A beautiful weeping willow fell on my house when I was on vacation in August. I really am a true Tree Hugging Oregonian because I was more upset about losing the tree than I was about the corner of my roof being caved in.
The damage to my house ended up being about $6,000 dollars. Since this is more than I’d like to take out of my emergency fund I decided it best to make a claim on my homeowners policy. I ended up just having to pay the $1,000 deductible.
I was really impressed by how smoothly the claims process went with Farmers Insurance. Unfortunately, working with the contractor was not quite a smooth.
I currently don’t have a contractor that I work with so I relied on the Farmers adjuster to provide me with recommendations. He provided me with the names of contractors that he works regularly with.
I did my due diligence and checked the Oregon CCB website to ensure the contractors were all licensed. I actually found that one of the contract’s license was expired. As a consumer it’s important to work with contractors that are licensed and bonded. If something happens to where they cause more damage or if you have any other issues with them you are limited on your recourse if they are not licensed and bonded.
I was amazed to find when I called the contractor that they were willing to come out immediately to remove the tree (or so I thought). They rushed out, but only removed the portion that was on the roof and didn’t haul away any of it. I should have done a better job and conveying my expectations and getting confirmation from them.
Even though they were very quick to come out that first time I found it much slower to get them to come back and take care of the whole job. But, I felt like I was trapped because I had started the process with them and was worried about being tacked with a heft bill for that “emergency service” if l did not hire them for the work.
Well, I compromised and had someone else remove the tree and then awarded the rest of the work to the initial contractor. They did a great job and it made it much easier for me that they had a working relationship with the adjuster so when additional repairs were needed they worked together to ensure it got done.
Still at the end I did end up with a bill for that emergency service which ended up being more than what the bill for removal of the entire tree was. Because I had chosen to work with one of the contractors referred by the adjuster I was able to just let them “hash it out” and did not have to pay any additional out of my pocket.
I recently took a trip to San Francisco and Napa Valley. It was a mother daughter vacation as I flew my mom in from Wisconsin to join me for the trip. My flight only ended up costing me $50 because I had some money left over on a flight voucher (see my blog Delayed flight could lead to a perk for your pocket book). That allowed me the opportunity to pay for most of my mom’s flight as a birthday, Christmas, mother’s day present for her for the next year…or two. I will admit I really didn’t do much research on the cost of taking a trip to San Francisco until after the flight was booked. When I started looking into booking a hotel room I began to realize how expensive it was going to be to stay in downtown San Francisco. After lots of research and reading many reviews on Tripadvisor, I was able to find a good rate on a great little boutique hotel in downtown San Francisco. This great deal did come with a bit of a catch, I had to pre-pay to get the rate and it was non-refundable. If you are willing to take a risk when you travel, you could end up saving a few hundred dollars by prepaying for your hotel room.

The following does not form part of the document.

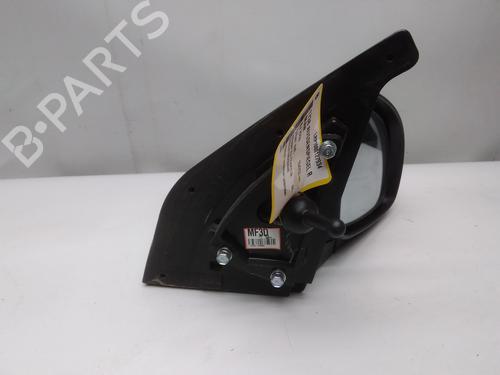 Right mirror KIA PICANTO I (SA) 1.1 | BP20517603C27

Stay posted for my next blog where I will share other ways I was able to stick to a budget and save money while vacationing in Northern California.

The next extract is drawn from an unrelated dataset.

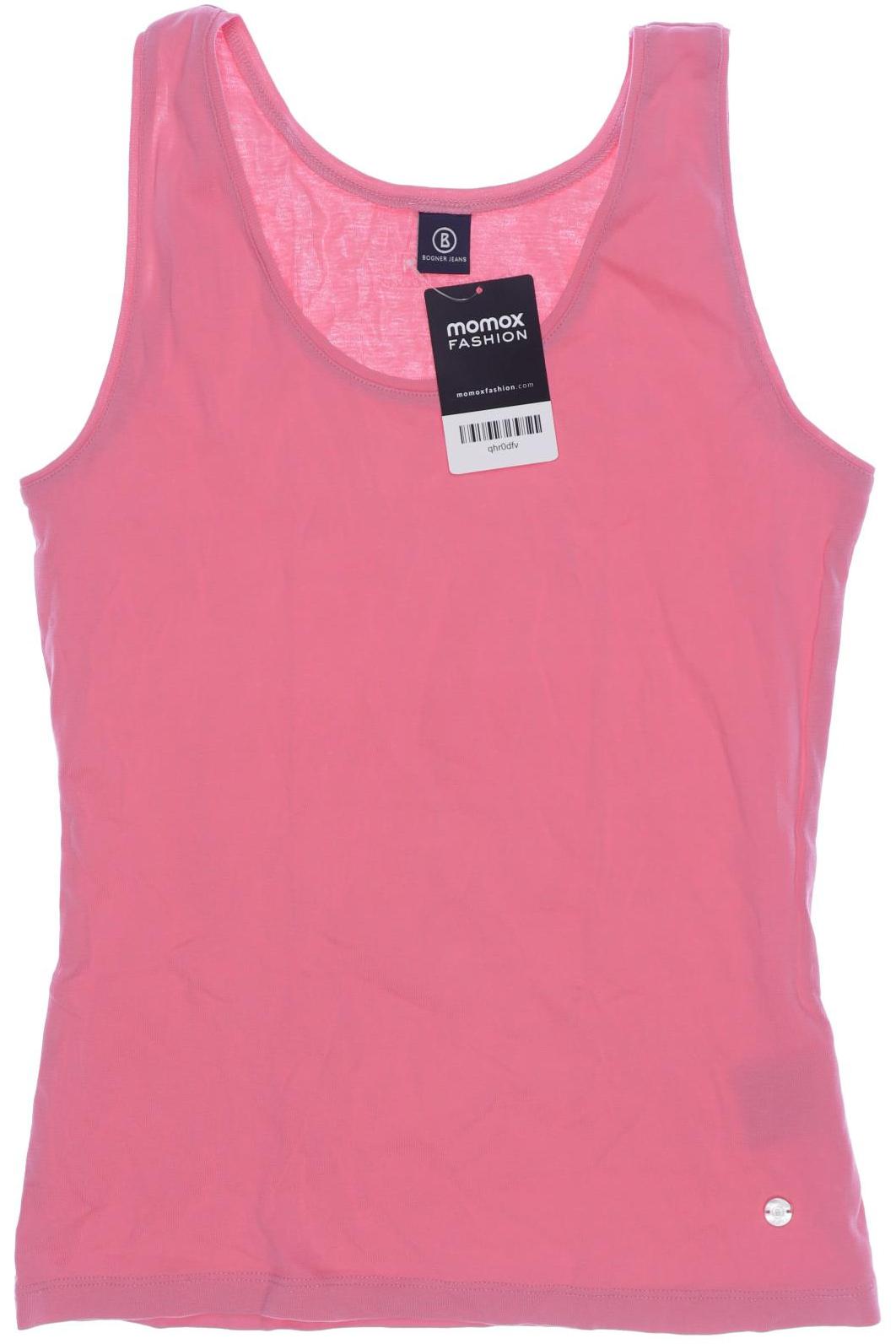 

Bogner Jeans Damen Top, pink, Gr. 40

I have taught classes for Financial Beginnings for several years now and have also been on the Program Committee. While I greatly enjoy high school students, there are a couple of other groups that I want to tell you about.
First, we occasionally have the opportunity to work with various adult groups. I have taught parents of students, adults in transition housing, and adults in a family homeless shelter. These groups bring a different perspective to the class since they have been out in the “real world.” When I ask high school students some questions (How much does an apartment cost? Can an employer check your credit? and so forth), I am often met with either blank stares or wild guesses. The adults not only know, but can share detailed experiences. Also, the adults we teach are usually living on limited incomes so when we do the budgeting exercises, they really know how to save money!
In working with adult groups, I usually don’t use the Powerpoint slides. Often they don’t have the capabilities to project them anyway, but I have found that a discussion format is more lively and informative for them and me. One time, I even taught a class with a Spanish translator. I was a bit concerned going in, but the translator did a great job and it was one of the better discussion groups I have had.
Recently, I taught the Budgeting and Credit modules at the family homeless shelter where I have volunteered for years. A couple of weeks later, I saw one of the ladies during my usual night helping at the shelter. She was excited to tell me that not only had her family been approved for an apartment, but she had made out a budget and was working hard to live within it. I wish her the best of luck – she still has a tough road ahead – but felt very rewarded that she took the class to heart.
Another group that I have enjoyed is Special Education classes. I know that some of you are reluctant to sign up for these, but you should not be. The students are usually very engaged and appreciative of the training. I make a few adjustments to the exercises for these groups, but otherwise teach the same curriculum.
As these opportunities arise, I suggest you give them a try. I think you will have a great time.